Брат Фома объяснил, как ехать через мост, короткой дорогой, и по моим прикидкам путь должен был занять полчаса шагом, доступным лошади и, собственно, мне как всаднице. Но я обнаружила, что непроизвольно ускорила лошадь, и что даже это не помешало мне не свалиться, разве что спина заболела адски, может быть, с непривычки; но если то была психосоматика, то я одной спиной не обойдусь.

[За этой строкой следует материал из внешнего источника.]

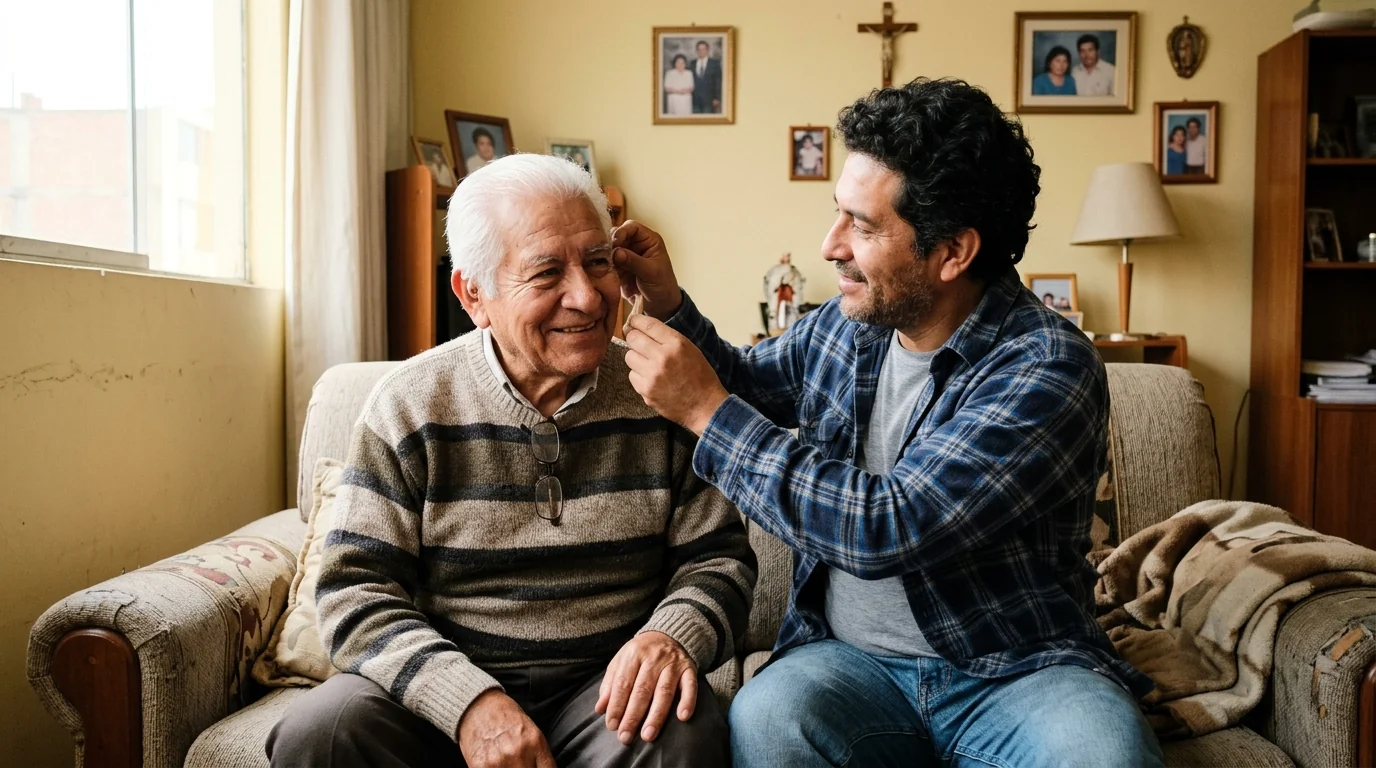 Hijo colocando el audífono Micro-RIC 16X a su padre en su sala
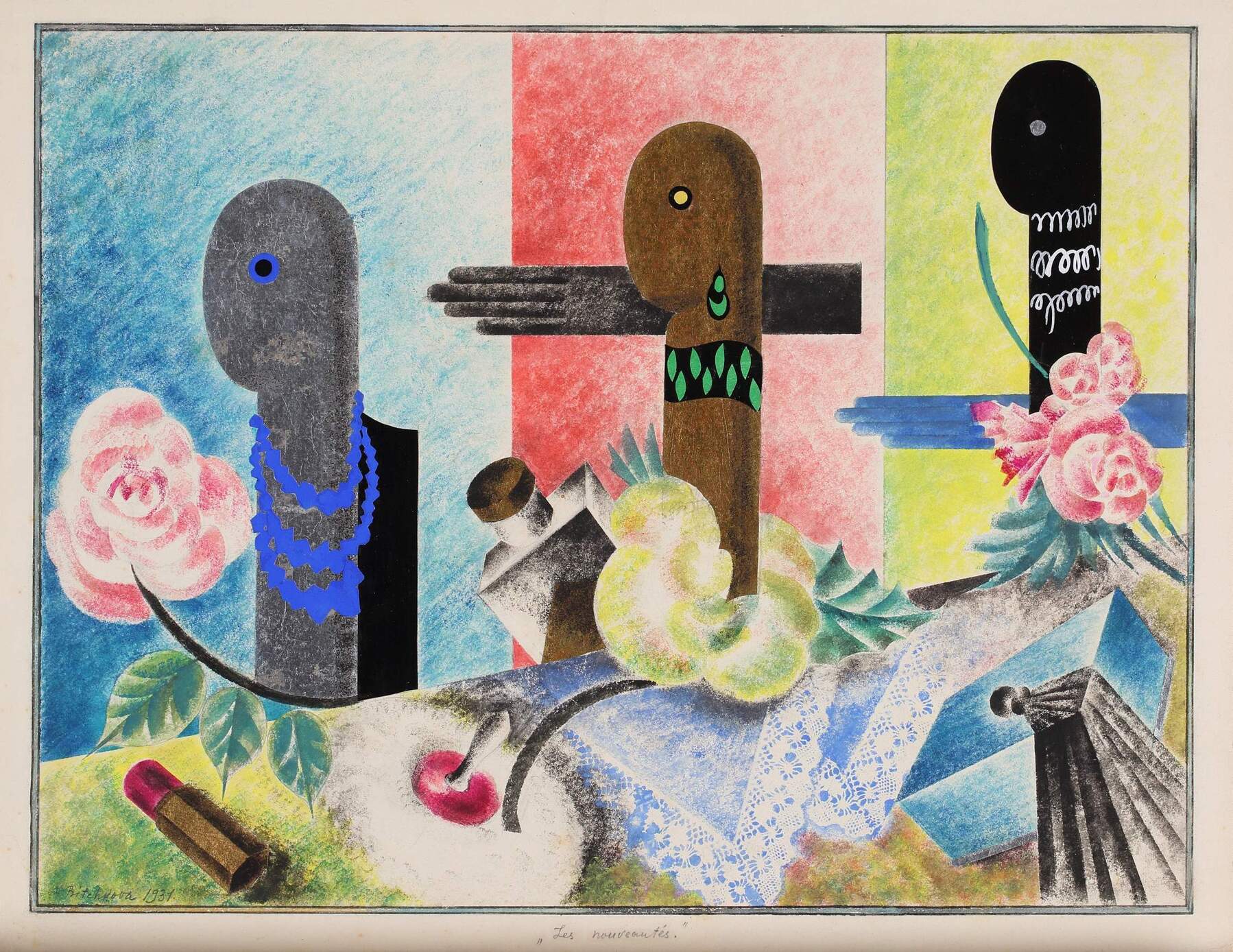Александра Кольцова-Бычкова. ''Новинки'' (Рисунок витрины магазина), 1931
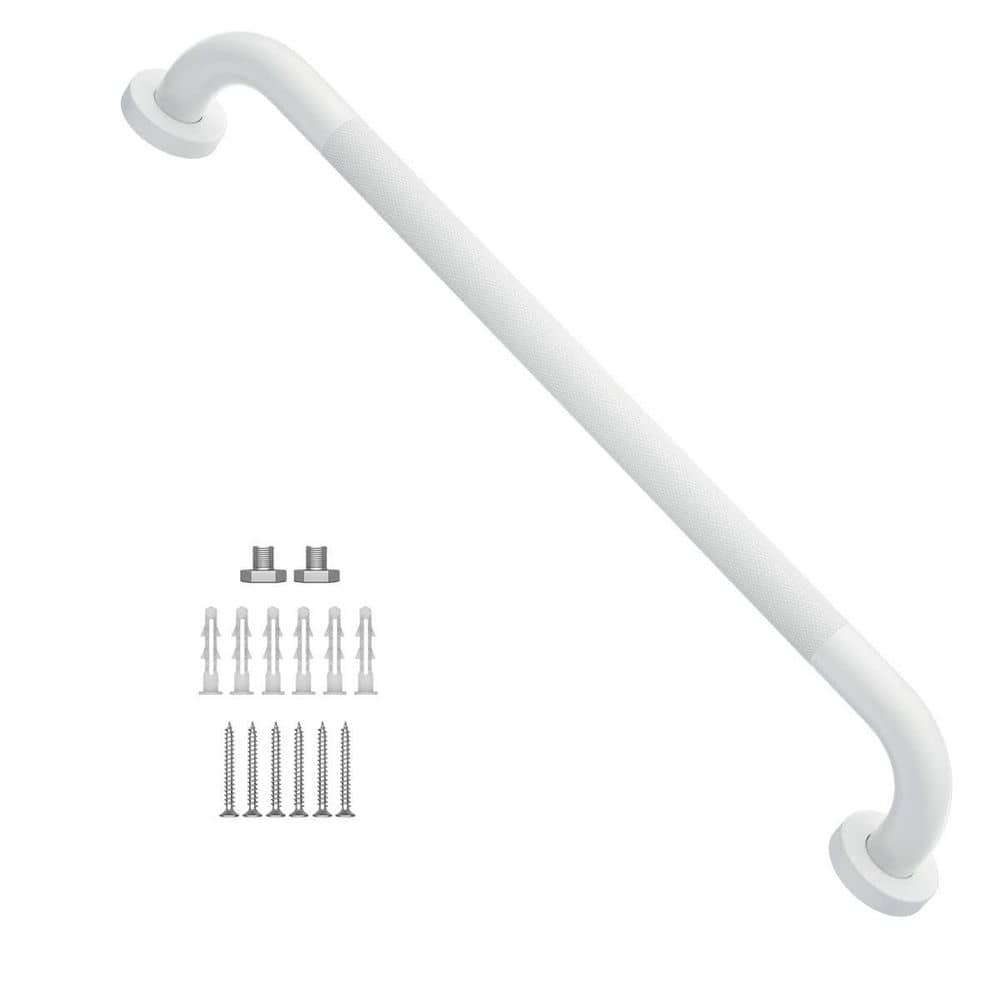 24 in. x 1.25 in. Anti Slip Stainless Steel Shower Grab Bar in White, 500 lb. Load Capacity, Easy to Install price history on PriceWatchPro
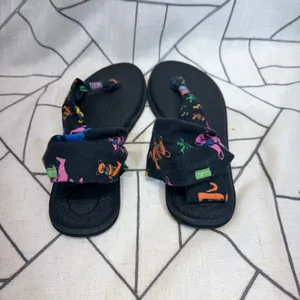 Sanuk Grateful Dead Yoga Sling 2 Sandals Size 7 Black Dancing Bears Print‎ thumbnail 5
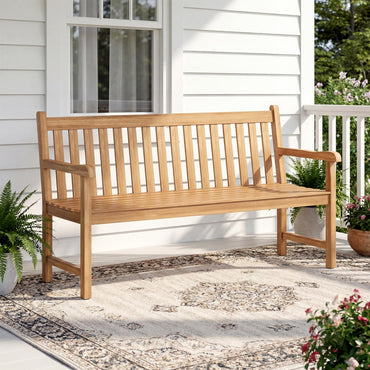 Tangkula Teak Wood Outdoor Bench with Armrests and Backrest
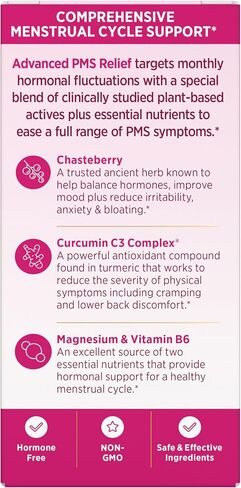 حلول Nature's Bounty Optimal Advanced PMS لدعم الدورة الشهرية ؛ الفترة الإغاثة ملحق دعم PMS للنساء - ChasteBerry ؛ خالية من الهرمونات 60 كبسولات in Kuwait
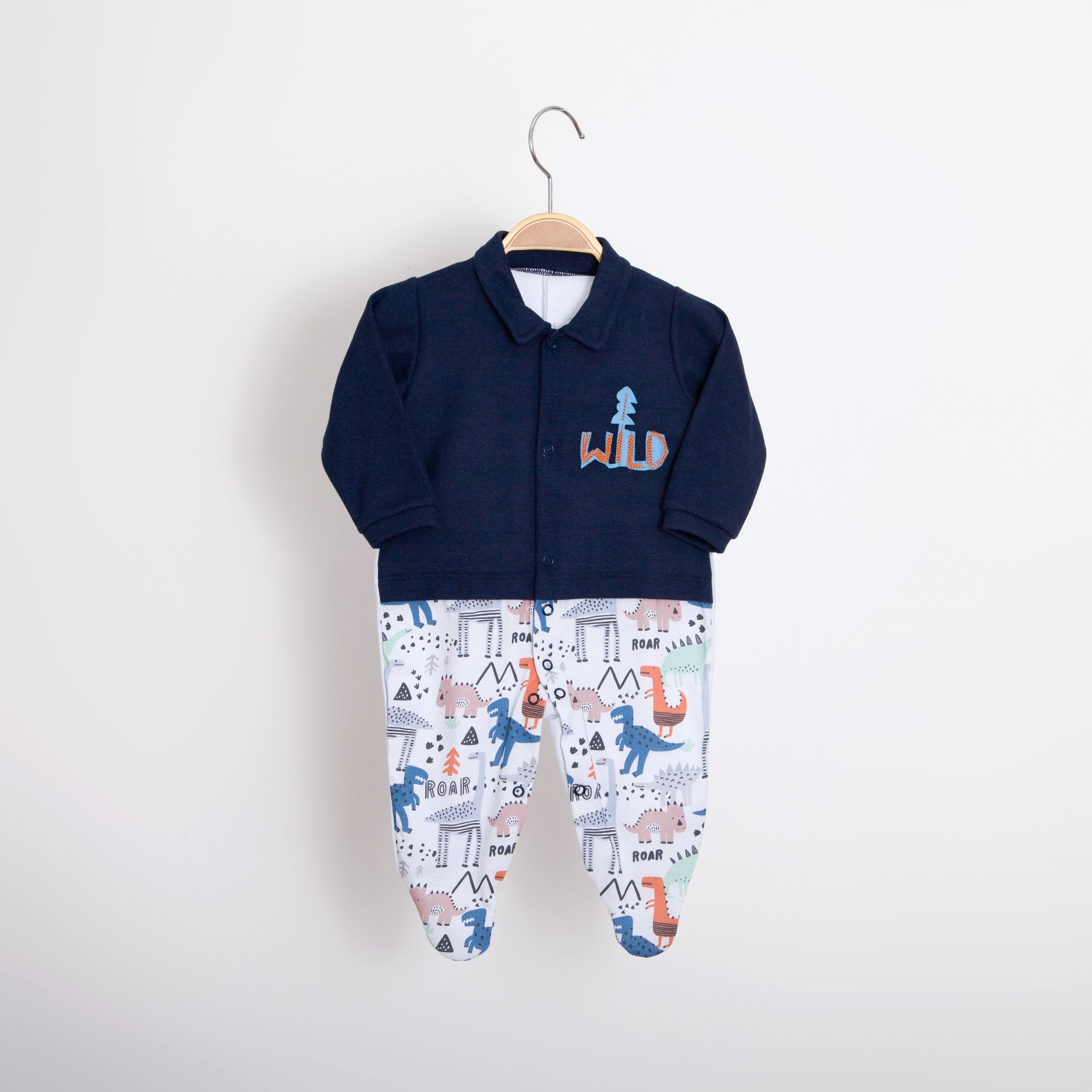 Macacão Bebê Sobreposto Bordado Dinossauro PP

В честь праздника и большой церковной службы крестьяне веселились: расположились в полях, ели и пели. И пили, как я догадывалась, потому что одиночные выкрики были не очень похожи на трезвые. На первой развилке я свернула, как советовал брат, налево, и минут через пять, миновав пригорочек, рассмотрела огоньки графской усадьбы. И с тех пор я почти не дышала, опасаясь услышать выстрел. Я корила себя, что не настояла, чтобы за урядником отправились тотчас, но понимала, что в церкви никто не обязан исполнять мои распоряжения, подчинять свой график моим хотениям и вообще вмешиваться в мирские дела. Следовало сказать отцу Петру? Я и так достаточно втянула во всю эту дрянь и его, и сестру Февронию. Возможно, если бы они знали о предстоящей дуэли и никак не предотвратили ее, это стоило им положения в церковной иерархии. А так — все грехи легли полностью на меня.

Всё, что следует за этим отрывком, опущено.